Given data —
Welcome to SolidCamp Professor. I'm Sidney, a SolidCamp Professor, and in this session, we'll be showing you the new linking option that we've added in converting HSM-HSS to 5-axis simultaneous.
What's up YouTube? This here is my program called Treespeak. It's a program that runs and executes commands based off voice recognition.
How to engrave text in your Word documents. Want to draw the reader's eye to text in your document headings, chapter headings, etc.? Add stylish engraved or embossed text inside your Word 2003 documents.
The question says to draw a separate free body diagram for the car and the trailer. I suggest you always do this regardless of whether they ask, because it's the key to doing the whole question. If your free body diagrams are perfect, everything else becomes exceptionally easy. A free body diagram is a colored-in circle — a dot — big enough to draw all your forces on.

* * *

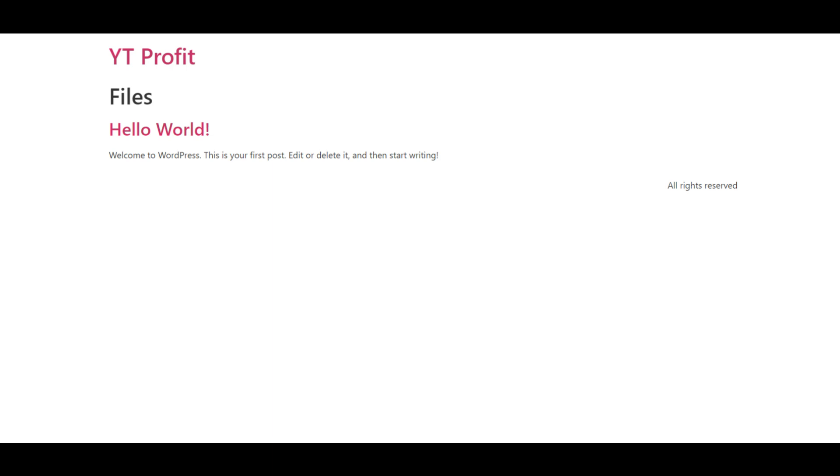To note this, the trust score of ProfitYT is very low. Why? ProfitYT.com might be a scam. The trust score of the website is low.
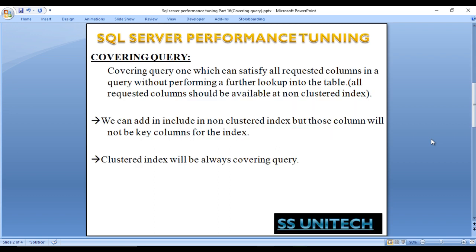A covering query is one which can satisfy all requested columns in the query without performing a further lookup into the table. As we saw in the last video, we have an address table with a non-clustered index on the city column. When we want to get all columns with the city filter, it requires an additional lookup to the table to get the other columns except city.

==

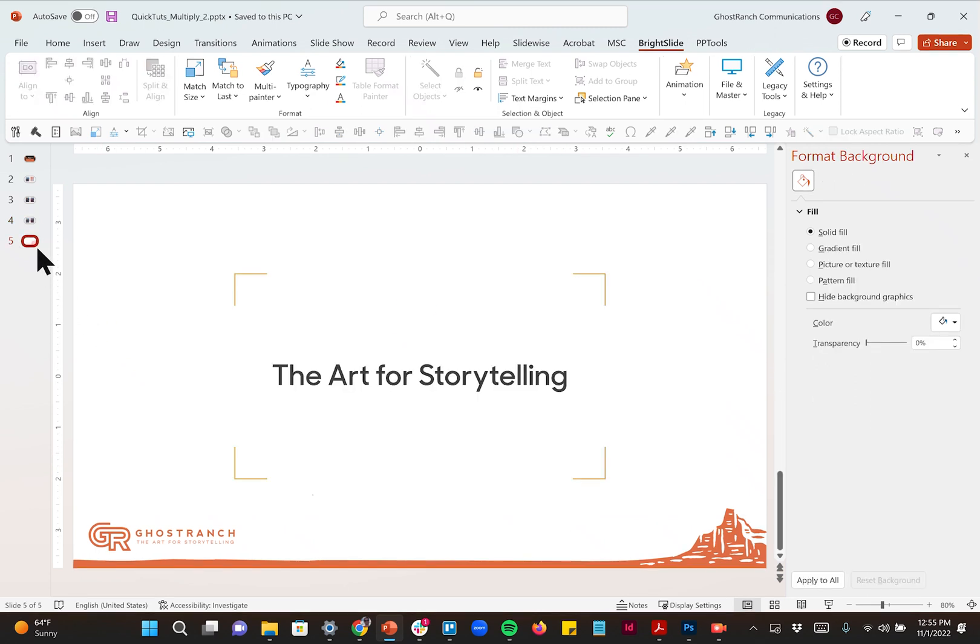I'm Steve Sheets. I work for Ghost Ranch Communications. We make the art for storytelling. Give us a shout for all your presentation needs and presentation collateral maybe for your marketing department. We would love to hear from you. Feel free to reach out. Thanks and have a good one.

Exercise requirements — Find where the line with "Welcome to SolidCamp" sits in the material above, then copy exactly from it through the line with "How to engrave". Add no other line.

Result of the exercise —
Welcome to SolidCamp Professor. I'm Sidney, a SolidCamp Professor, and in this session, we'll be showing you the new linking option that we've added in converting HSM-HSS to 5-axis simultaneous.
What's up YouTube? This here is my program called Treespeak. It's a program that runs and executes commands based off voice recognition.
How to engrave text in your Word documents. Want to draw the reader's eye to text in your document headings, chapter headings, etc.? Add stylish engraved or embossed text inside your Word 2003 documents.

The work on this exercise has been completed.